Complexity & Nonlinearity
In this video we give a quick overview to complexity theory, systems thinking and complex systems that will form the foundations to our discussion during the rest of the course.
Nonlinearity is at the heart of complexity science and complexity economics, so before starting the course we just want to lay down a quick working definition of what we mean by this term as it will be a pervasive theme throughout the course. Nonlinearity may be defined in different ways depending on the context but in order to give a formal definition to it we will borrow the formalization from physical, where a nonlinear system is defined as one that defies the superposition principles, meaning with nonlinear phenomena the principle of homogeneity and additivity breakdown, I will now describe what this means.
Starting with additivity; the principle of additivity states that when we put two or more components together, the resulting combined system will be nothing more than a simple addition of each component’s properties in isolation. The additivity principle, as attractively simple as it is, breaks down in nonlinear systems, because the way we put things together and the type of things we put together affect the interactions that make the overall product of the components combination more or less than a simple additive function and thus defies our additivity principle and we call it nonlinear. There are many examples of this such as putting two creatures together, depending which type of creatures we choose, we will get qualitatively different types of interactions between them, that may well make the combination non-additive, bees and flowers create synergistic interactions or lions and deer interacting through relations of predator and prey, both of these represent either super or sub-linear interactions, the whole will be more or less than the sum of its parts in isolation.

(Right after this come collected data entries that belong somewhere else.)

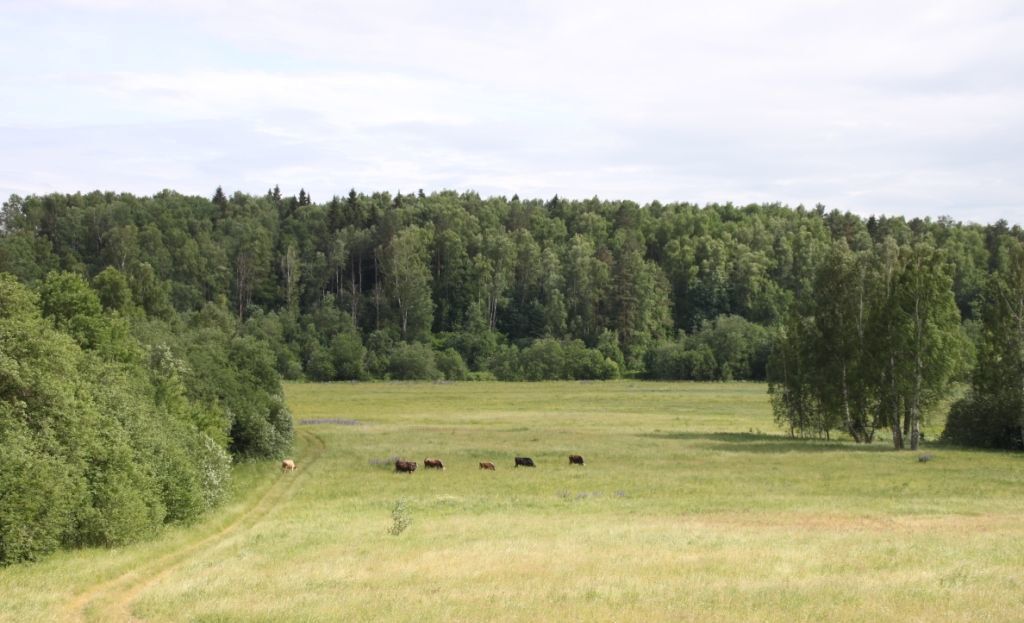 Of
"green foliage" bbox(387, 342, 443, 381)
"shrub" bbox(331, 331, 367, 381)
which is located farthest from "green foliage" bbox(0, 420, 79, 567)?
"shrub" bbox(331, 331, 367, 381)

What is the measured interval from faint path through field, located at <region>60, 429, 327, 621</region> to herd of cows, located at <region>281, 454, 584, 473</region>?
12.6 metres

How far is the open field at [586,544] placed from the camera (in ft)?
71.8

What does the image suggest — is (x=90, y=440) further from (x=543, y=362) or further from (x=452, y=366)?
(x=543, y=362)

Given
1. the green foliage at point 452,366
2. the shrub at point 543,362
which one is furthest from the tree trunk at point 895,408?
the green foliage at point 452,366

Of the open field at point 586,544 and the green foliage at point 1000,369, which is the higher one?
the green foliage at point 1000,369

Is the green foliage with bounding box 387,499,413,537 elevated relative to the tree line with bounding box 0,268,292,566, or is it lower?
lower

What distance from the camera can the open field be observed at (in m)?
21.9

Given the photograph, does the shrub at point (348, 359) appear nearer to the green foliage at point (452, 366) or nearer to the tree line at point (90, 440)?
the green foliage at point (452, 366)

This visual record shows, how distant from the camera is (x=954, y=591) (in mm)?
22297

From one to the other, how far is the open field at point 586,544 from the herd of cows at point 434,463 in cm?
74

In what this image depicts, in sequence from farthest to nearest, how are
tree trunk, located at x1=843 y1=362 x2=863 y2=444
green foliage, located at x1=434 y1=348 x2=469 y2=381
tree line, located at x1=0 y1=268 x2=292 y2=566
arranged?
1. green foliage, located at x1=434 y1=348 x2=469 y2=381
2. tree trunk, located at x1=843 y1=362 x2=863 y2=444
3. tree line, located at x1=0 y1=268 x2=292 y2=566

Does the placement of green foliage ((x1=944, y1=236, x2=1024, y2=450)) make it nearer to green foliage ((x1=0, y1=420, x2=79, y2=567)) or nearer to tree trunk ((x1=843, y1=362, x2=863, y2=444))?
tree trunk ((x1=843, y1=362, x2=863, y2=444))

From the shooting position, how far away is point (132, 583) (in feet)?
86.0

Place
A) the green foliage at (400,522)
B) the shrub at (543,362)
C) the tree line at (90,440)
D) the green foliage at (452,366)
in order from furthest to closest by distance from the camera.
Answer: the green foliage at (452,366) < the shrub at (543,362) < the green foliage at (400,522) < the tree line at (90,440) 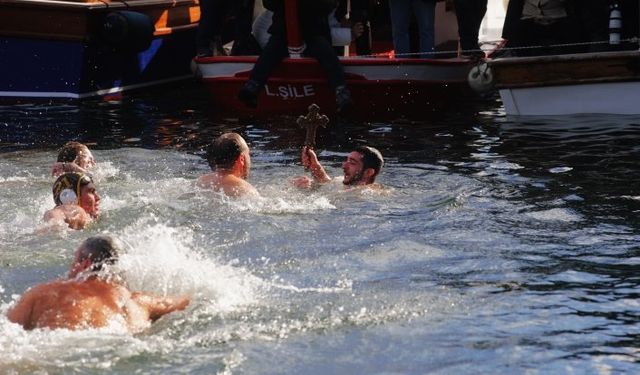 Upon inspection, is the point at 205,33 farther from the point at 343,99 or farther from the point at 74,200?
the point at 74,200

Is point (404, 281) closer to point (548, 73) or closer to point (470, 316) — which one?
point (470, 316)

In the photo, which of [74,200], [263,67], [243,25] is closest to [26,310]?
[74,200]

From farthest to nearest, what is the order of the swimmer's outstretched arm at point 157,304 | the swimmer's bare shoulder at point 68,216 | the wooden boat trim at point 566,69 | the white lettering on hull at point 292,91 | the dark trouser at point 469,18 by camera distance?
the white lettering on hull at point 292,91, the dark trouser at point 469,18, the wooden boat trim at point 566,69, the swimmer's bare shoulder at point 68,216, the swimmer's outstretched arm at point 157,304

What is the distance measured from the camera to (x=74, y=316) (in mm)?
6422

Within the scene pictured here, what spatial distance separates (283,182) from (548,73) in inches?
167

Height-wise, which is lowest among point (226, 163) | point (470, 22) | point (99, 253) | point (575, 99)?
point (575, 99)

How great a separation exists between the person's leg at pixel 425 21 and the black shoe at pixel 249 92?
2.00m

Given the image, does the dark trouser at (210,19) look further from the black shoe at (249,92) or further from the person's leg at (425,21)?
the person's leg at (425,21)

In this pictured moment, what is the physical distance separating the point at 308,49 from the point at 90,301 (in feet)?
30.6

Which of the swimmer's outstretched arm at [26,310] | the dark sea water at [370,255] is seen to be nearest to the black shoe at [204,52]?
the dark sea water at [370,255]

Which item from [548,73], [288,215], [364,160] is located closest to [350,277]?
[288,215]

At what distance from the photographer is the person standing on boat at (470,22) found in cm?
1541

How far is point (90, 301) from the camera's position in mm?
6539

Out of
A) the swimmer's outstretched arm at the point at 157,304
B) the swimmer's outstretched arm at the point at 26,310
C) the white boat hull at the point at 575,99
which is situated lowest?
the white boat hull at the point at 575,99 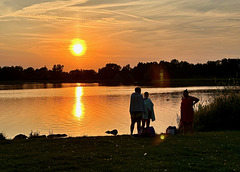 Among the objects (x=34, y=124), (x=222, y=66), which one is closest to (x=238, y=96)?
(x=34, y=124)

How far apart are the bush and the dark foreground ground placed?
19.2ft

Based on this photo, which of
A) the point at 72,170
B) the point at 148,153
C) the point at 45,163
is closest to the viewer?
the point at 72,170

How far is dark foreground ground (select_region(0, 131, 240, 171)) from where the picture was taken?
9648mm

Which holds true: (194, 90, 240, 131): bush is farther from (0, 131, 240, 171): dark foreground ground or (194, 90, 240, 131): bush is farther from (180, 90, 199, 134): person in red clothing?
(0, 131, 240, 171): dark foreground ground

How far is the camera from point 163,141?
14008 millimetres

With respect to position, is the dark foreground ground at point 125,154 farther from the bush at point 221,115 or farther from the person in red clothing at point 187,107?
the bush at point 221,115

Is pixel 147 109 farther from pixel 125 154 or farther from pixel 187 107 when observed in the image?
pixel 125 154

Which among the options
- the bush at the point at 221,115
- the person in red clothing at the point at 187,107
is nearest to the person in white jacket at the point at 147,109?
the person in red clothing at the point at 187,107

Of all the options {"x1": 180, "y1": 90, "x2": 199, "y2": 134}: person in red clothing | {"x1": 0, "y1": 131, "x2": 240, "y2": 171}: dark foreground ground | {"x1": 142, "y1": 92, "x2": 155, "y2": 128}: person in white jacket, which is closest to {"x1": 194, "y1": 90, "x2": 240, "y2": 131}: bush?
Result: {"x1": 180, "y1": 90, "x2": 199, "y2": 134}: person in red clothing

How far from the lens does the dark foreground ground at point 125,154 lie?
380 inches

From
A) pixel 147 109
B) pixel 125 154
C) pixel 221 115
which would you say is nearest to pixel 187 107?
pixel 147 109

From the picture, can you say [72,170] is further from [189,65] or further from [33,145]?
[189,65]

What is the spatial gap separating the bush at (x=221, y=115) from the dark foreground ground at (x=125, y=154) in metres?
5.84

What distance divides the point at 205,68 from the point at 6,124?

Next the principle of homogeneity, that essentially states that the output to the system is always directly proportional to the input, twice as much into the system, twice as much out, four times as much in four times as much out and so on. The direct implication of this homogeneity principle is that things scale in a linear fashion, which clearly fails to account for the effect that the output of the previous state of the system will have on its current or future state. Put simply our linear model does not deal with feedback loops, inputs and outputs simply appear and disappear without any relation between them.
The homogeneity principle may often work as an approximation, but the underlining fact is that as soon as we put our system into the real world, that is to say into an environment where it operates within both space and time, there will inevitably be feedback loops, as the actions it takes effect its environment with those effects in turn feeding back to affect the future state to the system. This means as soon as we start to deal with the real world, things start to get nonlinear and the more interactions we incorporate into our model, thus making them more robust and realistic, the more nonlinear things are likely to become. The superposition principles breakdown and nonlinearity arises whenever we take into account the nature of the interactions within a system, both between constituent components and over time through feedback loops.